I like this simpler solution to let GC manage the native library unloading as in System::loadLibrary. I'm happy to see that LibraryLookup::ofLibrary and other factory methods no longer need the Lookup parameter as the context.

[mlbridge]

Mailing list message from Maurizio Cimadamore on panama-dev:

Right, it's not perfect, but I think these kinds of issues are
solvable, if we're willing to spend time and work on them. For
example, if something like `PointerScope` could be integrated into the
Java language itself, we would be able to guarantee that what you
describe above never happens, making everything thread-safe. I don't
see any limitations in that regards, but I may be missing something.
Could you provide an example that fails? Or is there just concern
about the performance hit that could be incurred (in which case I'd
still say "let's work on it")?

This is the very central issue we're trying to address with memory
segments: how do you allow access to a segment from multiple threads while:

* retaining access performances
* retaining deterministic deallocation guarantees

It's not a theoretical problem. If you want to make your JavaCPP code
safe you need to add a mutex so that threads can either access memory OR
deallocate. Then I'm sure you won't be happy with the numbers that will
come out of your benchmarks.

Other solutions "include" something like reference counting, but not the
same reference counting you do in your API. That is, if a thread wants
to use a "pointer" (in your API) you must create a new instance just for
that thread, you can't just increment some shared counter on the
original pointer. That is, the _new_ thread must _not_ have access to
the original pointer. Otherwise it is possible for people to write code
where they don't call "retain" and they happily access the pointer from
multiple threads, but the pointer doesn't know about it.
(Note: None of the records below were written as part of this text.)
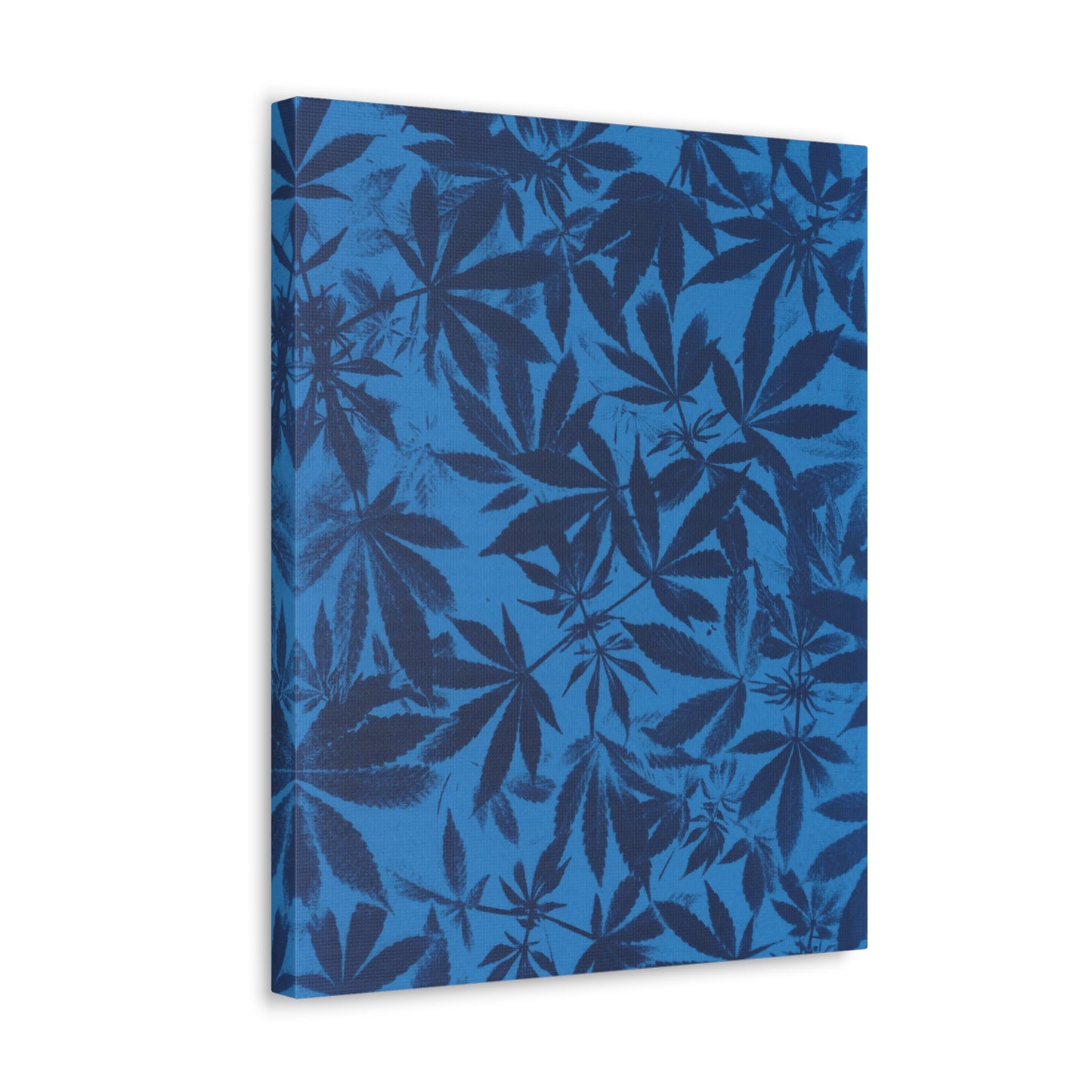 Gallery Wrapped Canvas Print - Cannabis Field Cyanotype on Bright Blue Print (Reproduction)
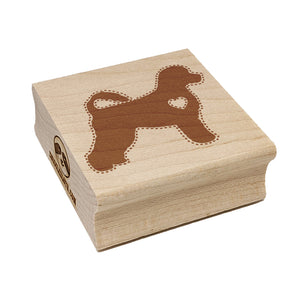Portuguese Water Dog with Heart Square Rubber Stamp for Stamping Crafting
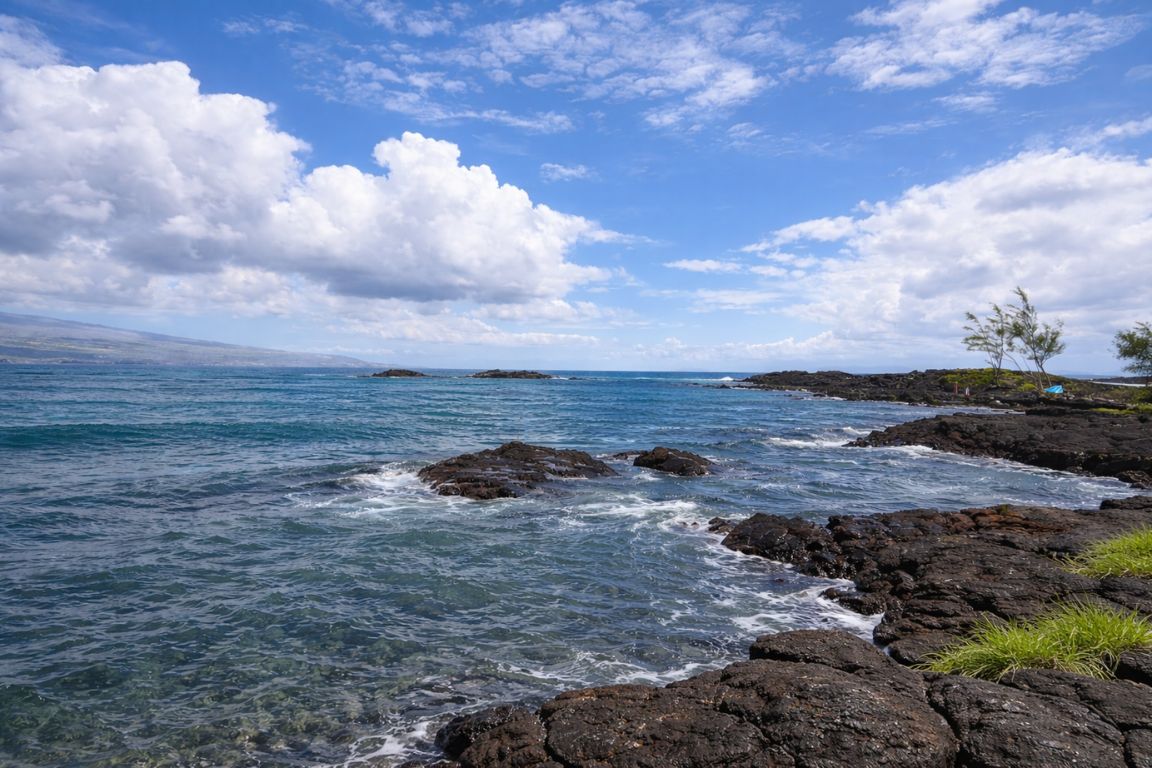 Richardson Ocean Park in Hilo Hawaii featuring volcanic rocks and turquoise water along the coast, seen during a guided tour with Hilo Tours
While something like that might be made to work (we had something
similar with our MemorySegment::acquire), it is not very appealing from
an API perspective, as it creates "trees" of associated
segments/pointers where the parent cannot be deallocated until all
children are.

All this to say what I was trying to say before: wrapping up
AtomicInteger inside some ARC abstraction is _not_ a solution to the
problem. First, it doesn't really take that long to implement,? but,
most importantly, having a class which can do "retain"/"release" doesn't
save you from uncooperative clients trying to use an instance from a
different thread w/o calling "retain".

So, I don't see a lot of value for providing such an abstraction in the
JDK. The fact that there are libaries out there which might rely on
reference counting to provide some sort of perceived safety doesn't
automatically make this a candidate for providing something with the
degree of safety that would (and should) be expected from a Java SE API.

Maurizio

[mcimadamore]

/integrate

[openjdk]

@mcimadamore The following commits have been pushed to foreign-abi since your change was applied:

• f84874e: Automatic merge of foreign-memaccess into foreign-abi
• 98ad8aa: 8244128: Allocations larger than MAX_ALIGN can fail to be sliced to proper size.
• 63c69a0: Automatic merge of foreign-memaccess into foreign-abi
• 7fad4ad: 8244127: "memory stomping error" when running java/foreign/TestNative.java on a debug build

Your commit was automatically rebased without conflicts.

Pushed as commit 7b6d993.

[mlbridge]

Mailing list message from Samuel Audet on panama-dev:

On 4/30/20 7:07 PM, Maurizio Cimadamore wrote:

Right, it's not perfect, but I think these kinds of issues are
solvable, if we're willing to spend time and work on them. For
example, if something like `PointerScope` could be integrated into the
Java language itself, we would be able to guarantee that what you
describe above never happens, making everything thread-safe. I don't
see any limitations in that regards, but I may be missing something.
Could you provide an example that fails? Or is there just concern
about the performance hit that could be incurred (in which case I'd
still say "let's work on it")?

This is the very central issue we're trying to address with memory
segments: how do you allow access to a segment from multiple threads while:

* retaining access performances
* retaining deterministic deallocation guarantees

It's not a theoretical problem. If you want to make your JavaCPP code
safe you need to add a mutex so that threads can either access memory OR
deallocate. Then I'm sure you won't be happy with the numbers that will
come out of your benchmarks.

Other solutions "include" something like reference counting, but not the
same reference counting you do in your API. That is, if a thread wants
to use a "pointer" (in your API) you must create a new instance just for
that thread, you can't just increment some shared counter on the
original pointer. That is, the _new_ thread must _not_ have access to
the original pointer. Otherwise it is possible for people to write code
where they don't call "retain" and they happily access the pointer from
multiple threads, but the pointer doesn't know about it.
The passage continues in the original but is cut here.